Quacking Queries in the Azure Cloud with DuckDB

Published in

datamindedbe

7 min readJan 10, 2024

I have been using DuckDB for over a year but most of my work has been focused on using it on AWS, which is why in this post I want to explicitly dive into the integration with Azure. If you want to understand why and when you should use DuckDB, I would recommend my previous blog post.

In this post, I will show how to use 2 different Azure extensions when using Python and dbt. Afterward, I will compare the performance of both extensions when reading from Azure blob storage.

In my job as a data engineer, I typically write data pipelines that transform data residing in a data lake. Integration with blob storage is therefore one of the most important aspects when evaluating a data processing tool like DuckDB. There are 2 ways to interact with Azure blob storage using DuckDB, namely: using the fsspec interface or the native duckdb-azure extension.

Duck data input

In order to compare the different extensions, I ran several queries on the TPC-DS data. This is the same dataset as I have used in previous blogposts, which measured the performance of DuckDB/Spark/… In this case, I generated 100Gb (using scale factor 100) of TPC-DS input data and stored it on Azure blob storage. You can take a look at the steps described in my benchmark repository if you are interested in generating the data yourself.

Fsspec unplucked

The Fsspec is an open-source specification on how to interact with a filesystem using Python. It integrates out-of-the-box with a wide variety of systems, but there are also many external providers that implement the specification. For example, the 3 major cloud providers implement the specification, called: gcs, adls and s3fs. A full list of external implementations can be found here.

Since DuckDB 0.7.0, you can thus integrate with any filesystem that has an implementation of the spec. The implementation for Azure blob storage is called adls and it supports both Azure blob storage generation 1 & 2. Because the fsspec is implemented in Python, it can only be used when using the python client of DuckDB. This is not a big issue when writing data pipelines, as these are primarily written in Python anyway.

Using the python client

First, you need to install the fsspec, adls and DuckDB dependencies using pip or another package installer. Now, you are ready to start querying the inventory data in the TPC-DS dataset:

import duckdb
from adlfs.spec import AzureBlobFileSystem

connection = duckdb.connect()
connection.register_filesystem(AzureBlobFileSystem(account_name='<storage_account>', connection_string='<storage_account_key>'))

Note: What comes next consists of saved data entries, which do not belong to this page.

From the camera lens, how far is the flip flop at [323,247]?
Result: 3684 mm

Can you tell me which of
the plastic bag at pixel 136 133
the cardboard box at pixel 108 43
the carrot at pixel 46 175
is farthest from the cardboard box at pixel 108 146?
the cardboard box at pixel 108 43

print("count the number of records in the inventory")
query = connection.sql('''
  SELECT * FROM read_parquet('abfs://inventory/*.parquet')
''')
print(query.fetchall())

To read data from Azure blob storage generation 2, you need to use the abfs:// or az:// prefix whereas if you are still using generation 1, you have to prefix your blob with the adls:// prefix. In this example, I use a storage account key to authenticate, which I do not recommend for production pipelines but is fine for the purpose of this blogpost. The fsspec library supports all Azure authentication mechanisms as it uses the Azure python sdk under the hood, for more details look here.

Using dbt-duckdb

I am a big fan of using Ducdkb with dbt as it allows you to write plain SQL instead of writing python. Using the Fsspec interface in this setup is very similar as described in the previous section. Let’s start by installing the necessary libraries: fsspec, adls and dbt-duckdb, which is the DuckDB adapter for dbt. After installing the python packages, you need to create a profile in your profiles.yml file:

default:
  outputs:
    fsspec:
      type: duckdb
      path: /tmp/dbt.duckdb
      schema: dbt
      extensions:
        - parquet
      filesystems:
        - fs: abfs
          anon: false
          account_name: "<storage-account-name>"
          account_key: "{{ env_var('DBT_ENV_SECRET_STORAGE_ACCOUNT_KEY') }}"

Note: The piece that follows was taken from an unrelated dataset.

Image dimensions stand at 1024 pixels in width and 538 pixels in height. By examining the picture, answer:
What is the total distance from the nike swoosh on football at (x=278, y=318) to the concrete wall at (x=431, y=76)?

For more information on the supported properties, take a look a the dbt-DuckDB docs. When you prefix an environment variable with DBT_ENV_SECRET_ dbt makessure the secret is not shown in the logs nor in any error messages, more details can be found here.

The next step is to specify your sources in the sources.yml, which in this case is the inventory data on Azure blob storage:

version: 2
sources:
  - name: external_source
    meta:
      external_location: "abfs://{name}/*.parquet"
    tables:
      - name: inventory

Now you have everything ready to create your dbt model:

{{ config(materialized='external', location='abfs://inventory/inventory_count.parquet')}}

WITH inventory AS (
    select * from {{ source('external_source', 'inventory') }}
)

SELECT count(*) FROM inventory

We query again the inventory data of the TPC-DS dataset, but now we also write the output of our model to Azure blob storage. This is controlled by the external materialization feature of dbt-duckdb, which also includes the option to specify the location. For more information about other materialization options, you can read the dbt docs.

Dabbled in duckdb-azure

The duckdb-azure extension was released with DuckDB 0.9.0 in September 2023 and is still flagged as experimental. The goal of the extension is to have a native way to interact with Azure blob storage. The extension can be used by any DuckDB client instead of only the Python one.

Using the python client

In this case, we only need to install the DuckDB using Pip or another package installer. Executing our previous SQL query can be done as follows:

import duckdb

connection = duckdb.connect()
connection.execute('''INSTALL azure''')
connection.execute('''LOAD azure''')
connection.execute('''SET azure_storage_connection_string='<storage-connection-string>';''')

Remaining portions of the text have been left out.